Archbishop of Canterbury (Richard Howard) assures Henry V (John Tufts) that there is no bar to his claim to France. Photo by T. Charles Erickson.

So I started off yesterday (well, Wednesday) with the Greeks as a theme, but Medea/Macbeth/Cinderella segues perfectly into the next two themes:

Music and Marriage

That bwessed awangement, that dweam wifin a dweam

Right, that, but I want to start with the food of love: music.

Oregon Shakespeare Festival artistic director Bill Rauch has never hidden his love for musicals; 2009’s Music Man was one of his first smash hits as artistic director, and he’s had a surprising number of live musicians onstage for many plays since. But I have noticed an uptick in music within the plays that aren’t musicals since Rauch came on board permanently in 2008.

Shakespeare, as I was told by my high school “Shakespeare on Stage” teacher (Ms. Berit Lindboe, if you ever read this, this entire thing is your fault, and by “thing,” I mean my life as a Shakespeare addictnerd), liked to put songs in his comedies. Thank god our high school class never had to make up tunes to go along with the lyrics. But I digress: The point is that under Rauch, the festival has gone hog-wild with the music.

The four Graces: Spring (Mandie Jenson) Summer (Liisa Ivary), Autumn (Catherine E. Coulson), Winter (Kimberly Scott). Photo by T. Charles Erickson.

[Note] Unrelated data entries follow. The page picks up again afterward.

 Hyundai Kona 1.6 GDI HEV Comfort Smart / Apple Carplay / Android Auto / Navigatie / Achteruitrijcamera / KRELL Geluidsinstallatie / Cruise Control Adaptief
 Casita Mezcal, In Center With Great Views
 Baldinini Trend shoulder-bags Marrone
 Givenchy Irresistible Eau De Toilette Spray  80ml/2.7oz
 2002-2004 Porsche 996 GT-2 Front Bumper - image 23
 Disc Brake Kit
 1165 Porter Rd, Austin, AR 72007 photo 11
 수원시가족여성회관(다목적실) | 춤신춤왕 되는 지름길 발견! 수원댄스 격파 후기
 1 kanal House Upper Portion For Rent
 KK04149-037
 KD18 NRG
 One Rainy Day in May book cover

Not in a bad way (you will note later that I don’t consider hogs as hilarious or just plain outrageous as certain OSF plays do), but in a “Wow, this music is gorgeous, and I’m under the stars, and what a moment this is” sort of way. That is, of course, during the plays at the Elizabethan Theatre, which generally run early June through early October, when the weather is (usually) beautiful, and when the company is running repertory in a super-complex high gear.

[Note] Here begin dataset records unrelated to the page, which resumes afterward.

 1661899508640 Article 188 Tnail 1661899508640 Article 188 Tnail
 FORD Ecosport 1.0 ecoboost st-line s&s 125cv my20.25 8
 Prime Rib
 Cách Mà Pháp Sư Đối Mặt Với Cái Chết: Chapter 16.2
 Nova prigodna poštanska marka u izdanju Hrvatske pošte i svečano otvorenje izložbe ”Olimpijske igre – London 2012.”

(Dramatic aside: I’ve been wondering lately if the OSF might become a year-round festival, but then when would people a. rest and b. build for the next season? Repertory theater is hard on people – on everyone involved, and especially on the bodies of the stage crew and the actors. So I’m probably barking up the wrong tree, there, or singing the wrong song, or something. But I have wondered if Rauch would like to extend the season in some way.)

Music marked several key points in the visually sumptuous The White Snake, music plays a small part in Romeo and Juliet, and (obviously) music serves a central, emotionally intense role in Medea/Macbeth/Cinderella. (I forgot to mention in yesterday’s review the final moments of the play, when I was sobbing along to “Do I Love You Because You’re Beautiful” as Medea says to Jason, “Your pain is music to me.”)

But it’s the outdoor plays, in the warm summer air, with the blue vault above, wherein the OSF’s music truly comes into its own.

On the second night of outdoor opening, a woman behind me remarked that she hardly felt like she was outside when she was at the Elizabethan. It’s true that the Allen Pavilion and its associated balcony and lights and control boxes etc. make the “outdoor” theatre feel a little more enclosed. But had she been at the epic thunderstorm/near tornado I experienced in 2009’s Don Quixote or any of the rehearsals in the snow that choreographer Randy Duncan mentioned when I interviewed him last year, I think she would feel differently. (Duncan: “And the rain, oh, the rain.”)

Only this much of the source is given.